El contenido dominante tampoco es neutro. Análisis de videos de alta circulación documentan una prevalencia elevada de agresiones físicas y verbales —bofetadas, asfixia, insultos— y un “consentimiento” performativo escenificado como placer ante la violencia; esto no equivale a un acuerdo explícito, situado y libre de coerción. Ese guion deteriora la comprensión normativa entre pares y ensancha entre los jóvenes lo percibido como tolerable.

A ello se añade un dato incómodo sobre perpetración: en Estados Unidos, 35.6% de los delitos sexuales contra menores reportados a la policía es cometido por adolescentes o adultos jóvenes. No se infiere causalidad mecánica del consumo a la agresión, pero sí una curva de riesgo condicionada por contextos y normas. La literatura identifica moderadores del vínculo entre pornografía violenta y agresión sexual —normas de pares (aprobación de mitos de violación), percepción de realismo, misoginia, impulsividad y consumo de alcohol— que alteran la probabilidad de trasladar el guion a la conducta. El patrón es robusto: muchos jóvenes normalizan conductas violentas que luego perpetúan o no logran identificar y nombrar como violentas cuando las padecen.
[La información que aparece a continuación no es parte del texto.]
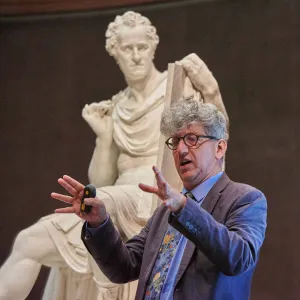 man speaking in front of statue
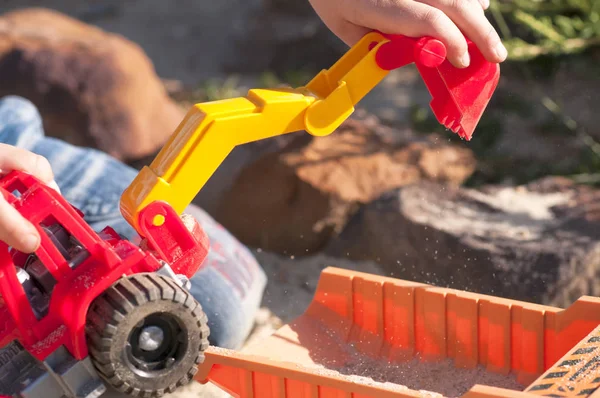 Kum büyük oyuncak arabalar, bir ekskavatör, bir kamyon ile bir çocuk oynar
En suma, si México quiere tomarse en serio la prevención de la violencia sexual y la protección de las infancias, debe completar el enfoque. La visión tubular produce una ilusión óptica: parecería que el problema está únicamente “afuera”, en el set de filmación, lo cual es también cierto y monstruoso. Pero la demanda moldea expectativas y se filtra en la convivencia cotidiana. El consumo no es una esfera privada sin externalidades: a gran escala genera riesgos públicos, especialmente donde la alfabetización sexual es baja y los modelos de negocio maximizan atención mediante la violencia. Corregir la miopía pornográfica no implica censura; es un mínimo de cuidado intergeneracional. Proteger a las infancias y adolescencias del abuso sexual implica protegerlas también de la pornografía (en todos los sentidos). Si incorporamos la demanda, podremos prevenir/reducir daños, desnormalizar la violencia sexual y devolver a escuelas y comunidades un espacio para vínculos no coercitivos.